2026-06-05-recommend-api-refactor.md 24 KB

Recommend API Refactor Implementation Plan

For agentic workers: REQUIRED: Use superpowers:subagent-driven-development (if subagents available) or superpowers:executing-plans to implement this plan. Steps use checkbox (- [ ]) syntax for tracking.

Goal: Remove recall_cust_count and delivery_count from the recommend API, introduce cust_code_list as a core retailer list that participates in recall/ranking for both old and new SKU paths, and remove all delivery allocation logic and report columns.

Architecture: The change touches four layers in sequence: request schema → API endpoint → core recommendation model → report utilities. The old-SKU path replaces the two-stage recall (ItemCF + hotness fallback) with a union of ItemCF and cust_code_list. The new-SKU path merges cust_code_list into the Item2Vec candidate pool so all customers are scored together via the same sales-volume normalization. Delivery allocation is removed end-to-end.

Tech Stack: Python 3, FastAPI, Pydantic, pandas, numpy, scikit-learn, Redis (ItemCF recall), MySQL (DAO layer), LightGBM + Logistic Regression (GBDT-LR), Item2Vec embeddings.


Chunk 1: Request Schema & API Endpoint

Task 1: Update RecommendRequest schema

Files:

  • Modify: api/request_body.py

  • [ ] Step 1: Open and read api/request_body.py

Confirm current fields: city_uuid, product_code, recall_cust_count, delivery_count, cultivacation_id, limit_cycle_name.

  • [ ] Step 2: Replace the schema

    from pydantic import BaseModel
    from typing import List
    
    class RecommendRequest(BaseModel):
    city_uuid: str
    product_code: str
    cust_code_list: List[str]   # 核心零售户ID列表
    cultivacation_id: str
    limit_cycle_name: str
    

Remove recall_cust_count: int and delivery_count: int. Add cust_code_list: List[str].
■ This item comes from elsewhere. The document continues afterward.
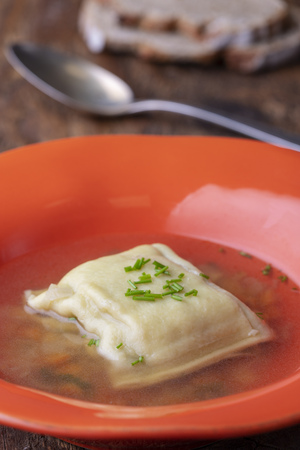swabian maultasche in broth on woodの写真素材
  • [ ] Step 3: Verify no syntax errors

    cd D:/projiect/dingsheng/BrandCultivation && python -c "from api.request_body import RecommendRequest; print('OK')"
    

Expected: OK

  • [ ] Step 4: Commit

    git add api/request_body.py
    git commit -m "refactor(api): replace recall_cust_count/delivery_count with cust_code_list in RecommendRequest"
    

Task 2: Update api/recommend.py endpoint

Files:

  • Modify: api/recommend.py

  • [ ] Step 1: Update the recommend() function signature and body

Replace the entire recommend() function (lines 15–54) with:

@router.post("/recommend")
async def recommend(request: RecommendRequest, backgroundTasks: BackgroundTasks):
    """推荐接口"""
    logger.info(f"Recommend request: city={request.city_uuid}, product={request.product_code}, core_custs={len(request.cust_code_list)}")

    gbdtlr_model_path = os.path.join("./models/rank/weights", request.city_uuid, "gbdtlr_model.pkl")
    if not os.path.exists(gbdtlr_model_path):
        logger.warning(f"Model not found: {gbdtlr_model_path}")
        raise HTTPException(
            status_code=status.HTTP_404_NOT_FOUND,
            detail="该城市的模型未训练,请先进行训练",
        )

    recommend_model = Recommend(request.city_uuid)

    products_in_order = dao.get_product_from_order(request.city_uuid)["product_code"].unique().tolist()
    if request.product_code in products_in_order:
        logger.info(f"Using GBDT-LR model for existing product {request.product_code}")
        recommend_list = recommend_model.get_recommend_list_by_gbdtlr(
            request.product_code, cust_code_list=request.cust_code_list
        )
    else:
        logger.info(f"Using Item2Vec model for new product {request.product_code}")
        recommend_list = recommend_model.get_recommend_list_by_item2vec(
            request.product_code, cust_code_list=request.cust_code_list
        )

    request_data = []
    for index, data in enumerate(recommend_list):
        request_data.append(
            {
                "id": index + 1,
                "cust_code": data["cust_code"],
                "recommend_score": data["recommend_score"],
            }
        )

    logger.info(f"Recommend completed: {len(request_data)} customers recommended")

    backgroundTasks.add_task(generate_and_upload_report, request)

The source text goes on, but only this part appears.